There’s many times I’ve said that in my life and I don’t think anybody has ever responded with, “ Did someone kill him?” 

KAK: When you enter kindergarten in River Falls, you are going by your middle name Ini, and your teacher Mrs. Wilson, is refusing to call you that. Can you share that story?

TO: Up until kindergarten I went by my middle name, which is Ini. It’s short for Ini-Obong, which means “God’s clock” or “God’s time.” And that’s what everyone called me. 

And on the first day of kindergarten, my mom would have registered me as Theresa. But when I introduced myself to my kindergarten teacher, I introduced myself as Ini. And my kindergarten teacher just flat out refused to call me that. 

What I was always told is that she said, “Does she have a real name? Does she have an American name that we can call her?” 

So that’s how I started going by Theresa, because my mom was like, “Well, I guess you can call her Theresa.” I knew it was my name but I didn’t know to respond to it. And I was not the only kid in my kindergarten classroom who experienced that. There was another student of Asian descent who also experienced the same thing. And both of us continue to go by the name that we gave to Mrs. Wilson instead. 

Theresa Okokon’s new memoir is titled “Who I Always Was.” Photo courtesy of Theresa Okokon

KAK: When you’re a senior in high school, your mom built a house in Milwaukee County without a room for you. At the time you’re obviously hurt and angry, but as an adult you see this situation differently. What was it like to address this memory and then see it from your mother’s perspective?
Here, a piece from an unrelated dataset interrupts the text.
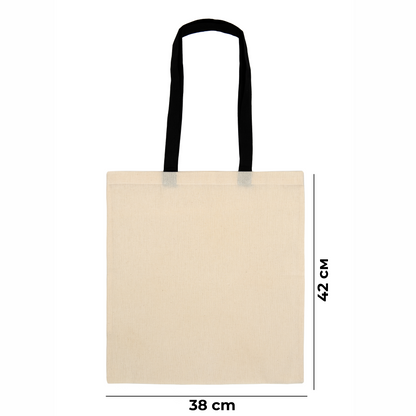 Premium 145 g/m² Cotton Tote Bag with Black Handles – 38x42 cm, Pack of 2, Eco-Friendly Reusable Shopping Bags for Custom Printing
TO: I don’t know that I took the time to see it from my mom’s perspective until I started writing about it. And there are a lot of things about understanding my mom and what it was like for her throughout our childhood that, as an adult, I eventually start to put some perspective on. 

So we had been living in Mequon and the story of her building this house in Milwaukee that didn’t have a room for me was really one that I was continuing to hold onto a lot of anger and a lot of angst about, until I sat down to write about it.

I had to realize that my narrator wasn’t reflecting on what it was like for the other characters in the story and was really only approaching the story through how my “I” character saw it, to speak about this from a writing craft perspective. 

That’s part of the work of writing a memoir. If you think that you’re going to just write from your own perspective and that you’re only going to be telling your “Capital T Truth,” you’re wrong. You should realize that what you see as the truth will evolve in the process of writing a memoir. And that was certainly my experience. 

To recognize that my mom was and is a human, that she’s not just my mom, means that sometimes she is making choices that make sense for her and it’s just not about me — it’s not about my sisters, it’s not about my brother. As a kid you don’t really recognize that about your parents. 

Theresa Okokon, far right, and her three siblings get matching tattoos to honor their late father. Photo courtesy of Theresa Okokon

KAK: As a reader, I just feel heartbroken when she loses the house. After all the work and everything she’s done to hold the family together, she becomes a renter and you have to go through all the discarded items from childhood to try to condense her life as well. Can you talk about that moment?

TO: One of the things that that house had that really mattered to my mom was a garden. It had a garden in the backyard. And my mom loves gardening. She would plant vegetables and I remember she grew very tiny strawberries that were very sweet, but they were her strawberries. It was hers, that was her home, the first home she had built for herself and it mattered.

When she lost that house — from my perspective, in response to the housing crisis when people were being given loans that they probably couldn’t actually afford — it was devastating. It was devastating for her. It was devastating for our family. Even though, for me personally, that house never really felt like it was my house. It very much felt like it was my mom’s house. But it was devastating to witness her lose it.